Instructions for the task:
Your output should be the lines below from the one with "1382 Kauffman Rd, Pottstown, PA 19464" through the one with "Hyundai Solaris, 2013г, передний", copied exactly, pictures excluded.

Supplied information:
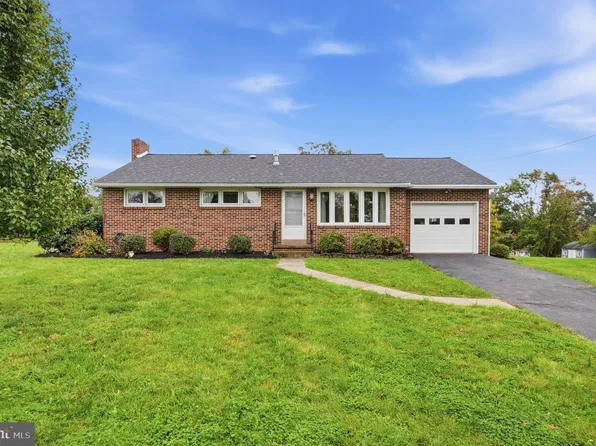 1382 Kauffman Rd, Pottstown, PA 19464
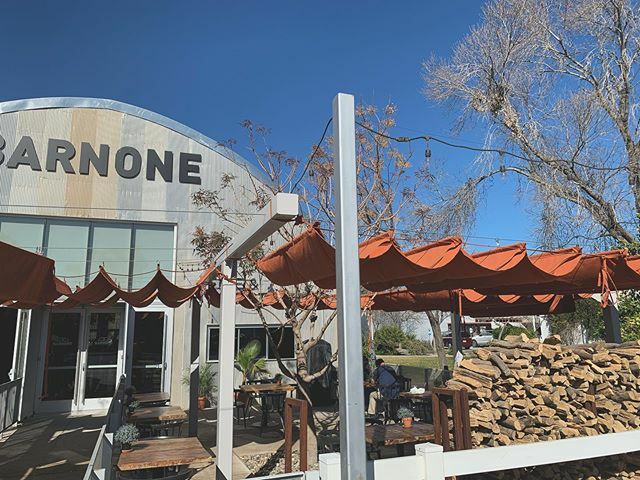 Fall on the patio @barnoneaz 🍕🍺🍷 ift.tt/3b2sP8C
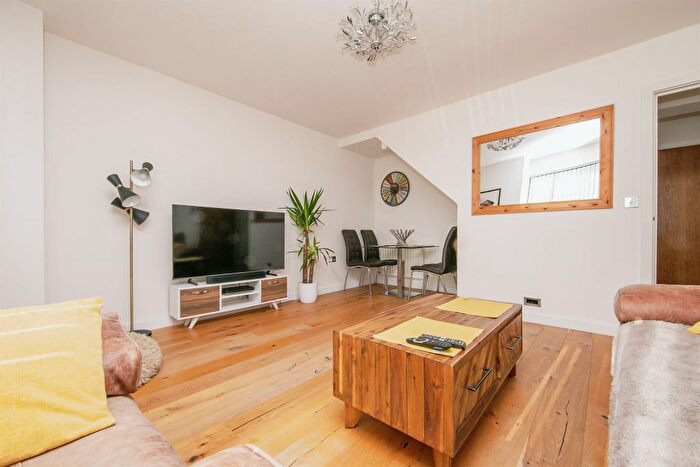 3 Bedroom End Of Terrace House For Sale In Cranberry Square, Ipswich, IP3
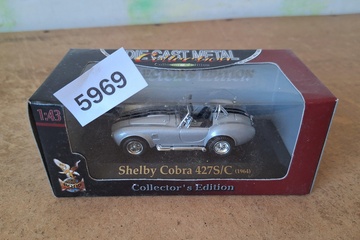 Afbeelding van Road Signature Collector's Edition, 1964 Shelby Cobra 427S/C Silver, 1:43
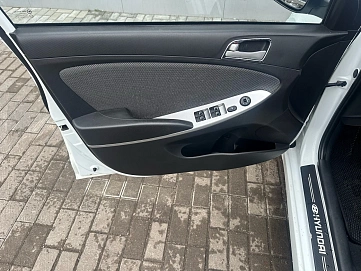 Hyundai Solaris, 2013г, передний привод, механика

* * *

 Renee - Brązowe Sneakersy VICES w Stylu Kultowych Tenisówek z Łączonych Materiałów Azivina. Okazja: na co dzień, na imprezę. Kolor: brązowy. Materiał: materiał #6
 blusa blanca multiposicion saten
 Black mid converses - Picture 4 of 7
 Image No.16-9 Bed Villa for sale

Written solution:
 1382 Kauffman Rd, Pottstown, PA 19464
 Fall on the patio @barnoneaz 🍕🍺🍷 ift.tt/3b2sP8C
 3 Bedroom End Of Terrace House For Sale In Cranberry Square, Ipswich, IP3
 Afbeelding van Road Signature Collector's Edition, 1964 Shelby Cobra 427S/C Silver, 1:43
 Hyundai Solaris, 2013г, передний привод, механика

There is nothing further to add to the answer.